State of Minnesota v. Maurice Lee Meyer

                          This opinion will be unpublished and
                          may not be cited except as provided by
                          Minn. Stat. § 480A.08, subd. 3 (2012).

                               STATE OF MINNESOTA
                               IN COURT OF APPEALS
                                     A14-0918

                                    State of Minnesota,
                                        Respondent,

                                             vs.

                                   Maurice Lee Meyer,
                                       Appellant.


                                Filed December 15, 2014
                                       Affirmed
                                    Halbrooks, Judge

                               Mower County District Court
                                File No. 50-CR-13-1241

Lori Swanson, Attorney General, St.

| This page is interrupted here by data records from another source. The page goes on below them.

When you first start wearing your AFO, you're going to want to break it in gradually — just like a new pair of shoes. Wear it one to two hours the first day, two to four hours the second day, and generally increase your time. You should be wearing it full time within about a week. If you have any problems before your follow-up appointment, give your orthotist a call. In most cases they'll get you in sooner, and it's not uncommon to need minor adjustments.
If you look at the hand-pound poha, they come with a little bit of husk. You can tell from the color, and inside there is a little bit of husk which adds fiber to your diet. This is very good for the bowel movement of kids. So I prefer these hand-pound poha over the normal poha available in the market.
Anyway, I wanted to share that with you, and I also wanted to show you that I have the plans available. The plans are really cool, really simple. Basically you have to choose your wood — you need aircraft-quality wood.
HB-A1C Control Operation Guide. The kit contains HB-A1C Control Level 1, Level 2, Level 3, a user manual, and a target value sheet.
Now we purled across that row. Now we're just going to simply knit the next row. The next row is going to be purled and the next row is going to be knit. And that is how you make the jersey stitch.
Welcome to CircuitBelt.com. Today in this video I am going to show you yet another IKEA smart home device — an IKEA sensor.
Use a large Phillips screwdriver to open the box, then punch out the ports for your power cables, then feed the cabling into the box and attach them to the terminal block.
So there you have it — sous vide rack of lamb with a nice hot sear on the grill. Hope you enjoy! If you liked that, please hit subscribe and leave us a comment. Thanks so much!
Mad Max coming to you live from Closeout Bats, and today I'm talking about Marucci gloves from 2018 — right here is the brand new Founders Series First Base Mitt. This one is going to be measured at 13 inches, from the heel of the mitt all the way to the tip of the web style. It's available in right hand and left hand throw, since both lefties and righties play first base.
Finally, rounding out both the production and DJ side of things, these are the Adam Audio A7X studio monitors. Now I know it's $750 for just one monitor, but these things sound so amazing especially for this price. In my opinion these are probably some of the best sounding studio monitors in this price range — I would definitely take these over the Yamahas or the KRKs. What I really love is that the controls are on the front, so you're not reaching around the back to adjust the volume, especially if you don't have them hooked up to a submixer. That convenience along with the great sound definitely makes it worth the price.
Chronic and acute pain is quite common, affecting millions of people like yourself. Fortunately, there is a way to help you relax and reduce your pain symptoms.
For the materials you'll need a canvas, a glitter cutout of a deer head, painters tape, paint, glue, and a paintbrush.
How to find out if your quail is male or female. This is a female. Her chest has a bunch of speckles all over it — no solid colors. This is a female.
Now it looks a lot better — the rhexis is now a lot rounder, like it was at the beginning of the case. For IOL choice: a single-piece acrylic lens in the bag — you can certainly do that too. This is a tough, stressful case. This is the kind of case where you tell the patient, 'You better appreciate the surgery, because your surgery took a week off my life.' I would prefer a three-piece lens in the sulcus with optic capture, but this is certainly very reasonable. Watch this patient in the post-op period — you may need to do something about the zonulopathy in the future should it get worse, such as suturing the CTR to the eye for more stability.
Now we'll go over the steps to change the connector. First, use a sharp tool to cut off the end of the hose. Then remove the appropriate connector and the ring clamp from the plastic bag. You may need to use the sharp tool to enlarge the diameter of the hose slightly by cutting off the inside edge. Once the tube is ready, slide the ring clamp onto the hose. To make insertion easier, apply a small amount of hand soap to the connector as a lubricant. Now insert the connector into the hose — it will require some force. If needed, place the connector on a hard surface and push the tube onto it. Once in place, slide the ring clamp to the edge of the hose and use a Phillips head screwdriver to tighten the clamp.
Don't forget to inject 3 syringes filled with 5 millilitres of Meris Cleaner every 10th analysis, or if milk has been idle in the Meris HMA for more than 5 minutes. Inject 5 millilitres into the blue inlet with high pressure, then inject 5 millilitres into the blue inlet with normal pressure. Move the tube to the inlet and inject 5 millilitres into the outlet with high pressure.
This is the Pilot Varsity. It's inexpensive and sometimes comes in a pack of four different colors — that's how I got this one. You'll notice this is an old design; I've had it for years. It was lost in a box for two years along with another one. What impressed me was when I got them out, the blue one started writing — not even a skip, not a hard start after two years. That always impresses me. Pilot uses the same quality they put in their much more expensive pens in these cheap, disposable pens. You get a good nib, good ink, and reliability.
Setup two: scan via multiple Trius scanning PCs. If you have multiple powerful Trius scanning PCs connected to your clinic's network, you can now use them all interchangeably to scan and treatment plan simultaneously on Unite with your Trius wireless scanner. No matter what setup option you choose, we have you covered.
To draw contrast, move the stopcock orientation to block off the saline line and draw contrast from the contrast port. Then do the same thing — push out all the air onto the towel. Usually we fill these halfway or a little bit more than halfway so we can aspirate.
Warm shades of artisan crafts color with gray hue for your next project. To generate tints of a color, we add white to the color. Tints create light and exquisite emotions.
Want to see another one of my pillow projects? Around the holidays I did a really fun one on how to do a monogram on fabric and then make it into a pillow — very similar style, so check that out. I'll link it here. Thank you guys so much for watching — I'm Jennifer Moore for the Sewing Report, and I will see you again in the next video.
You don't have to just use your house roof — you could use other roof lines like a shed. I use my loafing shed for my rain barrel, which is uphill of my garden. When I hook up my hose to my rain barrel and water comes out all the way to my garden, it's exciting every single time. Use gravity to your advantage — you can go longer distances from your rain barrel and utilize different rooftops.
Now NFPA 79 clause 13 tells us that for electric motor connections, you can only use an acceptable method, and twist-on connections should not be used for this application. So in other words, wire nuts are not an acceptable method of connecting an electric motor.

Paul, Minnesota; and

Thomas C. Baudler, Austin City Attorney, Austin, Minnesota (for respondent)

Brandon V. Lawhead, Lawhead Law Offices, Austin, Minnesota (for appellant)

       Considered and decided by Connolly, Presiding Judge; Halbrooks, Judge; and

Bjorkman, Judge.

                         UNPUBLISHED OPINION

HALBROOKS, Judge

       Following his conviction of third-degree driving while impaired, appellant

challenges the district court’s denial of his motion to suppress evidence of his breath test.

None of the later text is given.